Both Drs. Hode and Nauser and Jeff Pederson of Aid to Women continue to fight in court, though as of today, Aid to Women can no longer provide abortion care.  A hearing before U.S. District Judge Carlos Murguia has been set for 3 p.m. today, in which providers argue that the these “burdensome and costly requirements that are not medically necessary or appropriate.” 
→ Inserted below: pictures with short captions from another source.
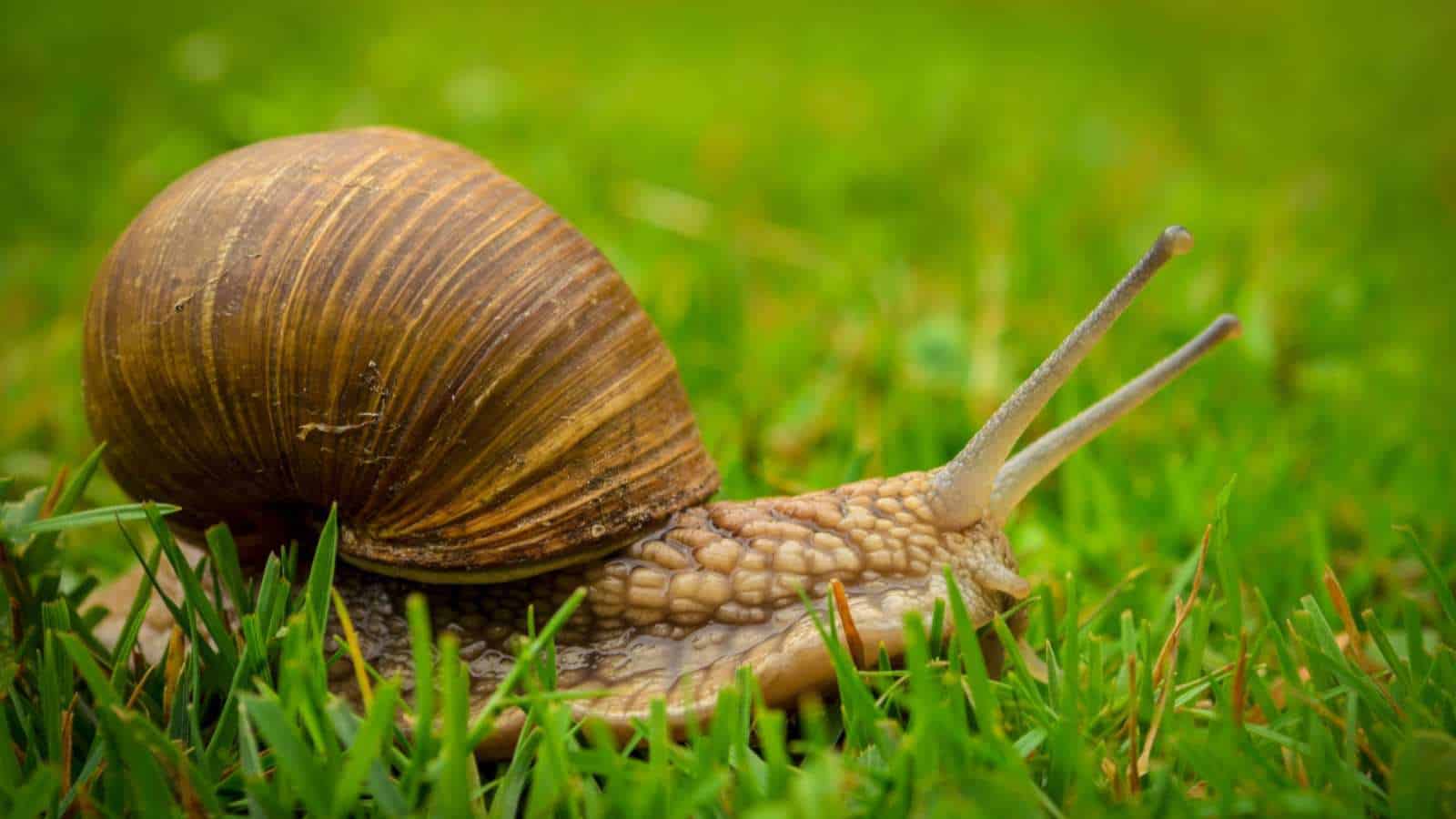 Snail on a grass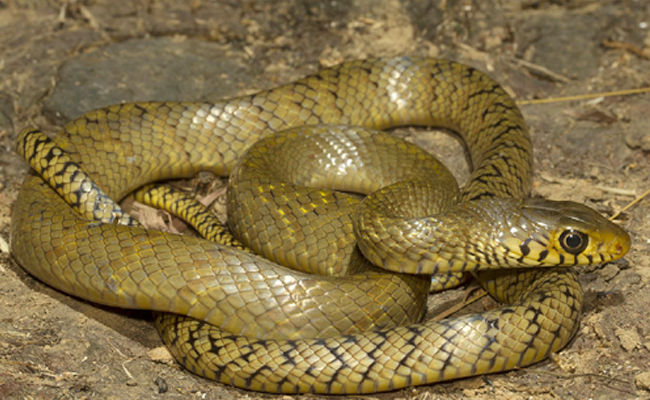 Top 10 Non-Venomous Snakes In India - Sakshi2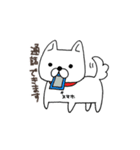白犬シロちゃん（個別スタンプ：17）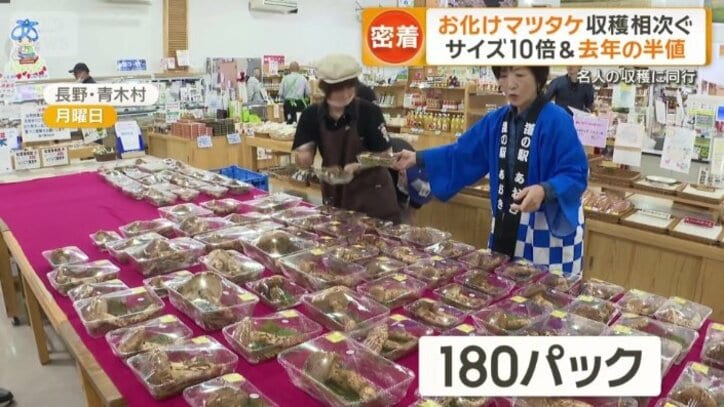 特設コーナー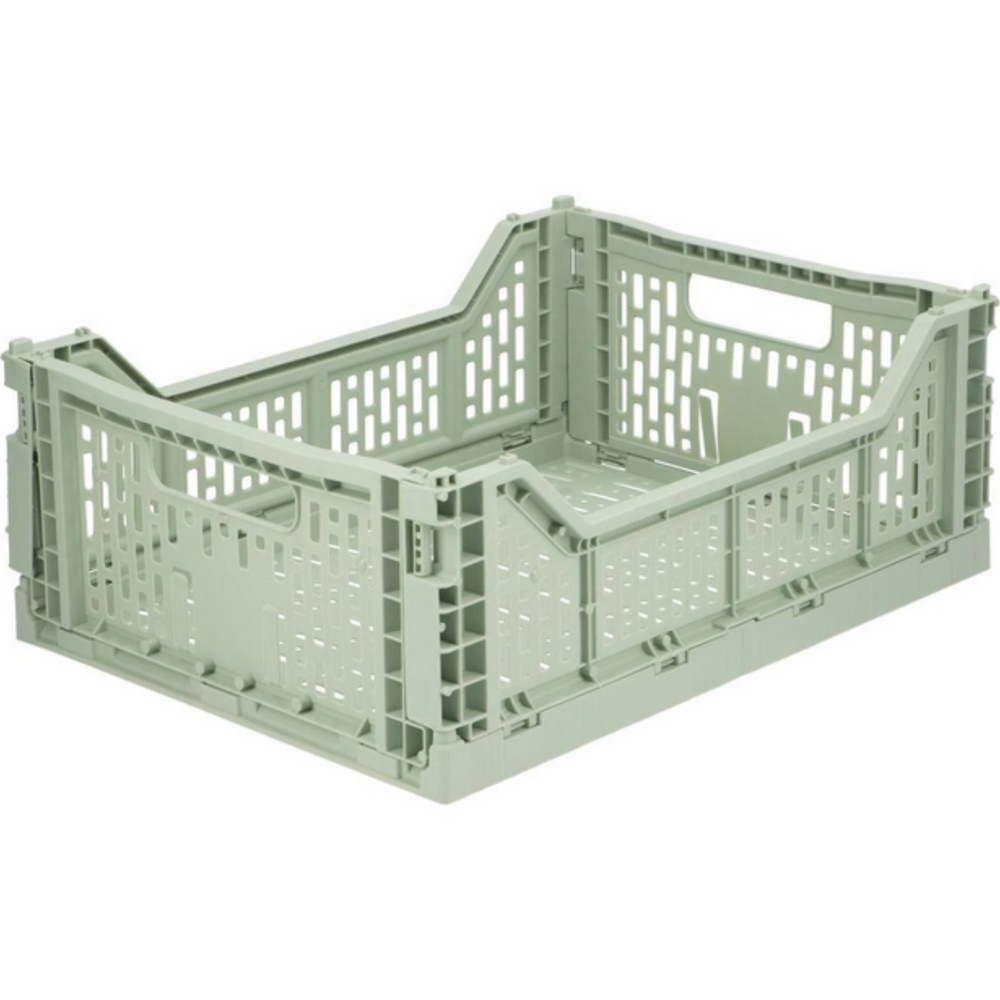 Caisse pliante - Sage Medium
While the Planned Parenthood clinic remains open, already-limited access to abortion has now been drastically reduced in Kansas, thereby increasing the costs and delays incurred by women seeking to terminate a pregnancy.  The likely outcome is that there will be an increase in abortion migration to other states, which almost certainly will make many of these abortions later than they otherwise would have been; an increase in women seeking other and less safe means to terminate pregnancies they are desperate not to take to term; and an increase in women simply forced to bear a child they did not want, which is tantamount to reproductive slavery.  The majority of Pederson’s clients, for example, are low income or minority women who are in precarious economic conditions to begin with.  Pederson said he fears folks will go back to pre-Roe v. Wade days and seek home remedies or other means to avoid an unwanted pregnancy. “I can remember what it was like before.”

What it was like before is that women died.  That is how much the Kansas legislature and anti-choice extremists wants to ensure the safety of women.